The court then asked whether Stevo’s claims attempted to impose liability based on SBR’s status as a “publisher or speaker,” mindful of attempts to plead around that element.  The name of the cause of action isn’t important, but rather whether it inherently requires the court to treat the defendant as the “publisher or speaker” of  content provided by another.  Misappropriation of trade secrets did so: disclosure of trade secrets was publishing or speaking.  Unlawful acquisition of trade secrets would be a closer question in other circumstances, but the complaint didn’t allege any facts allowing the court to infer that the trade secrets were acquired in any other way than through users’ message board posts, making publication again critical.

Assuming, without deciding, that “misappropriation of licensable commercial property” was a cause of action in Florida, it was also CDA-barred.  Florida has a commercial misappropriation statute preventing the unauthorized use of “the name, portrait, photography, or other likeness of any natural person without consent,” but that would require Stevo to allege that it was authorized in writing to use those names, which it hadn’t done.  (And if it did, that would still be CDA-barred in the 9th Circuit, since it’s a state IP law.)  General INS v. AP misappropriation, assuming Florida recognizes the tort, was CDA-barred because the alleged competitive injury—that SBR gave away for free what Stevo sold—was impossible without characterizing SBR as a speaker or publisher.

Stevo then tried “contributory misappropriation of licensable commercial property.”  Arguably, this doesn’t require that SBR speak or publish, only that it induce others to do so.  But that theory would swallow CDA immunity.  SBR generally encouraged users to post, but it didn’t tell them what information they should or must include and didn’t encourage or enhance any infringing content.  That wasn’t enough. Stevo’s Florida civil theft claim also failed, since the only plausible mechanism by which SBR obtained or used Stevo’s property was through publication.
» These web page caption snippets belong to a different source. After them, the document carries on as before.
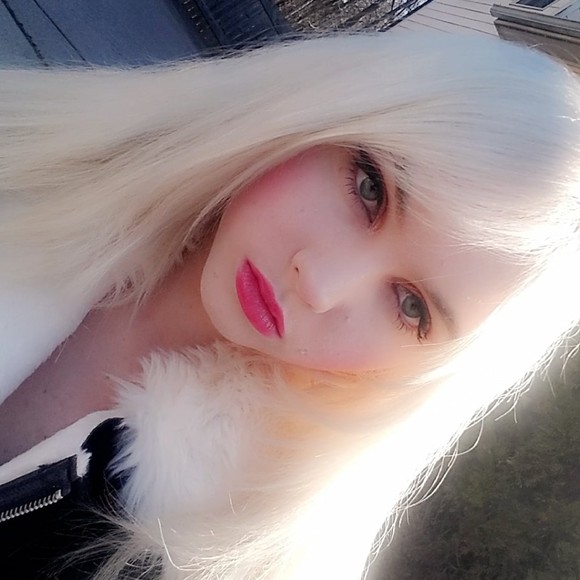Profile Picture of Aries Kendrella (@reesiekitten) on Poshmark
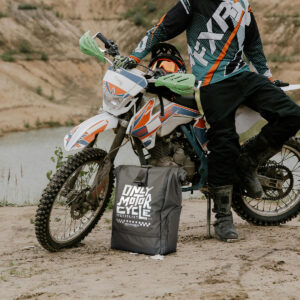 METZELER KOMPLET OPON (2477600/25) 2X90/90-21 MCE 6 DAYS EXTREME FIM 54M TT M+S PRZÓD DOT 2025 + (2477700/25) 2X140/80-18 MCE 6 DAYS EXTREME FIM 70M TT M+S TYŁ DOT 2025 + PLECAK METZELER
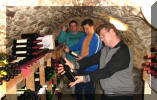 Weinexperten im Keller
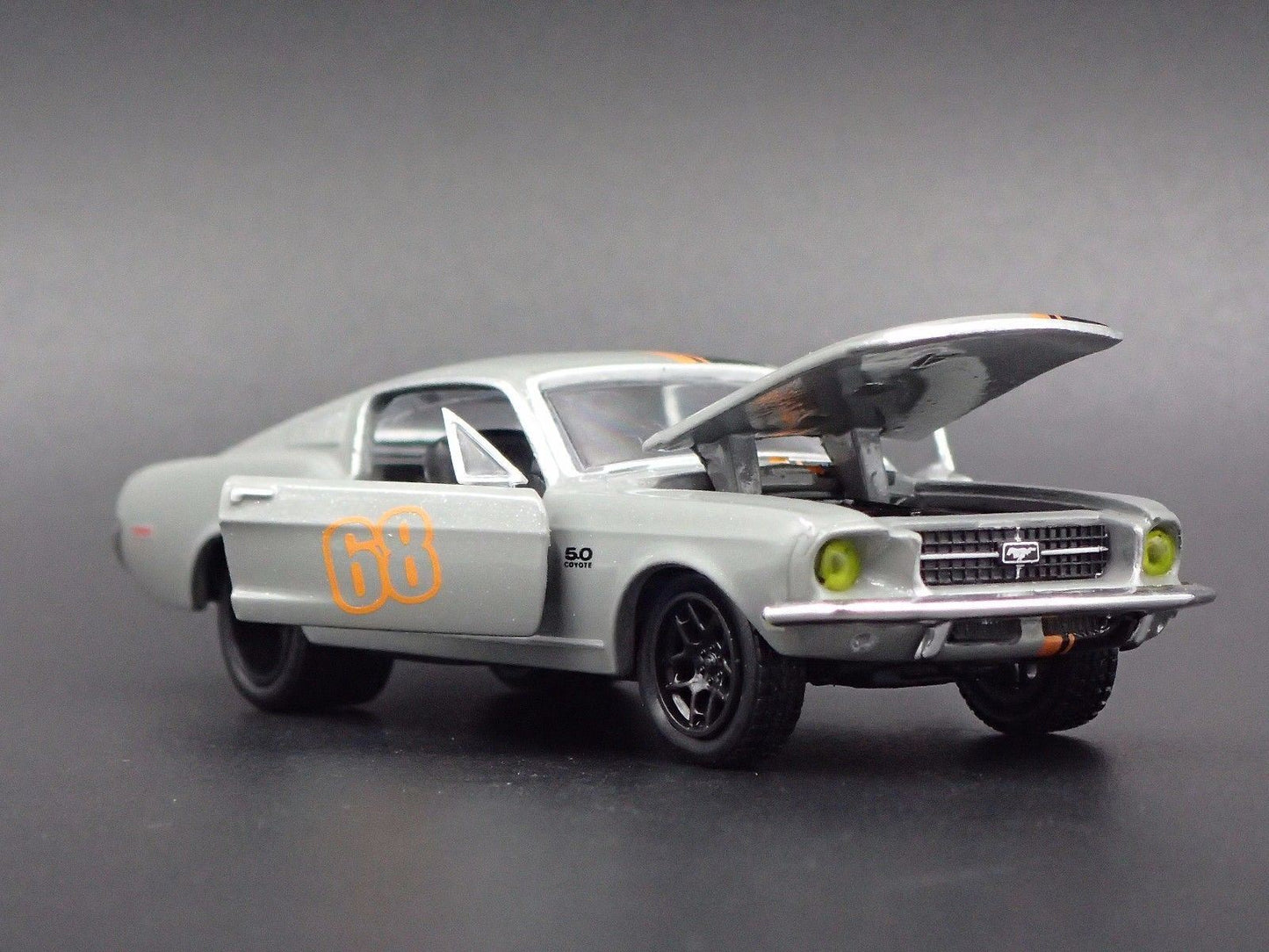 1968 68 FORD MUSTANG FASTBACK 2+2 GRAY 1:64 SCALE DIORAMA DIECAST MODEL CAR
Tortious interference claims failed too: Stevo didn’t allege that SBR knew about specific contracts its users had with Stevo in a manner that was more than speculative. Plus, the only interference came again from publication.

Finally, the court found that it lacked personal jurisdiction over Daniele.  Stevo alleged that SBR paid Daniele to publish infringing material on SBR’s  message board, that Daniele’s publications relate to the “sports wagering” industry in Nevada, and that Daniele’s online statements were accessible in Nevada.  These were insufficient contacts to give rise to personal jurisdiction.  Even if Daniele was SBR’s paid agent, a principal’s contacts may not be imputed to the agent for purposes of personal jurisdiction.  Moreover, merely discussing sports betting on an online message board doesn’t provide the people talking with a reasonable anticipation of being haled into Nevada courts, even if such bets are only legal in Nevada.  Advertising alone is insufficient to support jurisdiction in these circumstances; simple publication couldn’t be either.  Of course, internet availability doesn’t establish purposeful direction either, especially where the alleged victims of the postings weren’t forum residents.  (I am curious why they filed in Nevada, especially given the governing 9th Circuit law.)